If you attend Free Forest School and see the program as beneficial to your family, we encourage you to serve as a volunteer or make a financial donation to support our work. Parents who volunteer as facilitators or or on the Leadership Board additionally find a strong and supportive community amongst the group’s leaders, and experience the benefits of service in their community.

Is FFS academic enough? Will it prepare my child for kindergarten?

Pressure to push academics with young children has increased over recent decades, yet research consistently shows negative outcomes in children who are pushed academically at a young age. Young children naturally learn through play and social interaction; pre-literacy comes through language development and storytelling; early math concepts emerge through categorization, sorting, and problem-solving outdoors. Perhaps most important is the social-emotional development of a young child, which Free Forest School fosters through giving children freedom to play and interact with mixed-age peers.

Is FFS dangerous?

Any time you enter into the wilderness, there are inherent hazards and allowing children to take reasonable risks is a core element of the philosophy. However, that does not mean that children should be allowed to do anything they want, or that children at FFS are unsupervised. Managing risk for and with your children is up to you. Often parents feel guarded and cautious with their children in nature at first; over time, you will develop your own personal boundaries and style for managing risk with your children. Other adults in the FFS are a great resource for learning creative ways to teach children about risk and decision-making — skills that will serve them well later in life.

Can older siblings attend?

In general, yes. Older siblings should be prepared to follow the general expectations and routines of FFS. Some locations are piloting “Big Kids” groups for school-aged children.

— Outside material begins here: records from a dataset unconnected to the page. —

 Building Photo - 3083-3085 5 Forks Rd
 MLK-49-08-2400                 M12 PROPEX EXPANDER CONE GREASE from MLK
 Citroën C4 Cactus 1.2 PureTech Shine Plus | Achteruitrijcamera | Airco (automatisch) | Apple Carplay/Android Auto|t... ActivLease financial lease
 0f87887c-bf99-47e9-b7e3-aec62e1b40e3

How does FFS adapt to children with special needs?

Free Forest School meetings follow a loose structure which is designed to create an inclusive community for all young children. While some physical disabilities may be difficult to accommodate in certain locations, children with special needs are generally encouraged to attend. All aspects of the FFS routine are optional, and children are never required or pressured to participate. To learn about which FFS sites might best accommodate a particular physical limitation or disability, contact us.

Can I bring my baby to FFS?

Yes! Babies benefit from time in nature as much as anyone. It’s fabulous to watch babies discover trees, shadows, sunlight, wind and the sound of birds. As your baby’s mobility increases, she can grasp leaves and rocks, crawl and scoot, pull up on boulders, have sensory experiences exploring sand and water, and interact with older children through play and singing. Research has also shown that babies benefit from napping outdoors.

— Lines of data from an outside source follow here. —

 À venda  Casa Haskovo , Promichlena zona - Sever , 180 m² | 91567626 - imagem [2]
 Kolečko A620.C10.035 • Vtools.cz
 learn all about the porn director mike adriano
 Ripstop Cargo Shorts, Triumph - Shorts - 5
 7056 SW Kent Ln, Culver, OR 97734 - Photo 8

My toddler is slow - will FFS work for us?

Not a problem. Letting children lead the day is our main priority, so your child really can’t do anything wrong. Each event has multiple experienced families who know the park well, and a Lead and Sweep are appointed in each group to make sure we don’t lose anyone.

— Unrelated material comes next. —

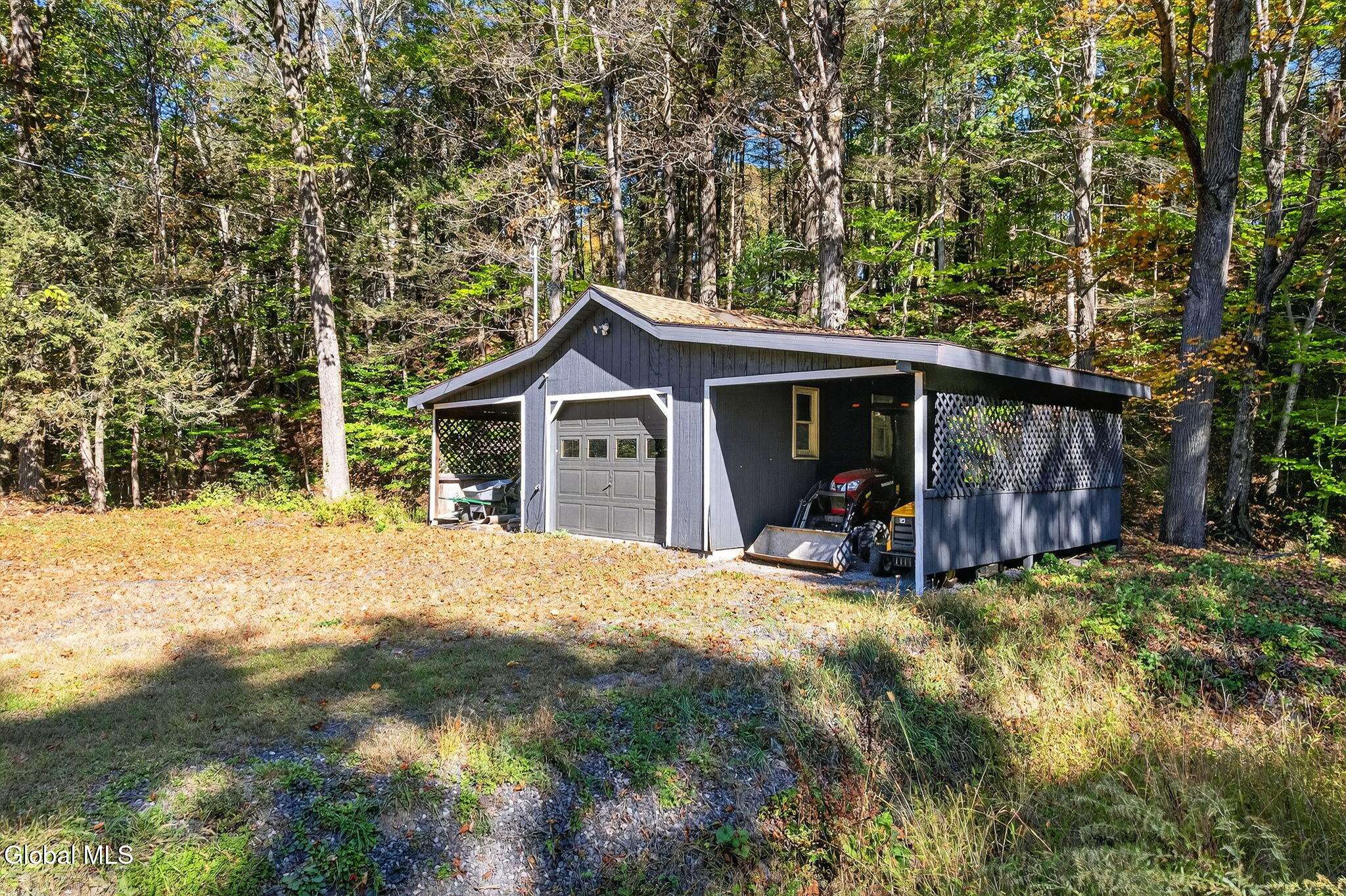 40 paddock Road, Durham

Can our nanny/grandma/uncle etc bring my kids?

Yes! Just make sure they have signed the waiver and are prepared.

How long is the hike?

Never very far. Walking at an adult pace, you can reach most FFS basecamps in 10-15 minutes. We take our time along the child-led hike, but most walking children can hike to basecamp under their own power.

Where do we go to the bathroom?

Many of our sites have restrooms at the parking area. Once we depart from the parking lot, there are generally no restrooms. We teach children to go to the bathroom in the woods, following Leave No Trace principles. Find a place away from water sources and off the trail. While urine will not harm the environment, solid waste should be collected and disposed of properly. Consider carrying a plastic bag or extra diaper for this purpose.

Some young children have trouble learning to squat at first. Consider purchasing a folding travel potty or doing an assisted squat if your child has trouble squatting.

What should we bring to FFS?

Some people like to bring a full pack; others travel light. Consider bringing:

  • plenty of water
  • snack to share (no peanuts)
  • picnic lunch / extra snacks
  • blanket or tarp to sit on
  • change of clothes
  • appropropriate clothing and footwear for the site and weather
  • sun block / bug spray / small first aid kit
  • backpack
  • baby carrier
  • trash bag / plastic bag for wet clothes or garbage
  • diapers / wipes if needed

PLEASE DON’T BRING: Toys, strollers, dogs or other pets

If you use a stroller to get to FFS, plan to leave it at the trailhead. You may want to bring a bike lock to secure it as it will be unsupervised.

What should I bring for the snack potluck?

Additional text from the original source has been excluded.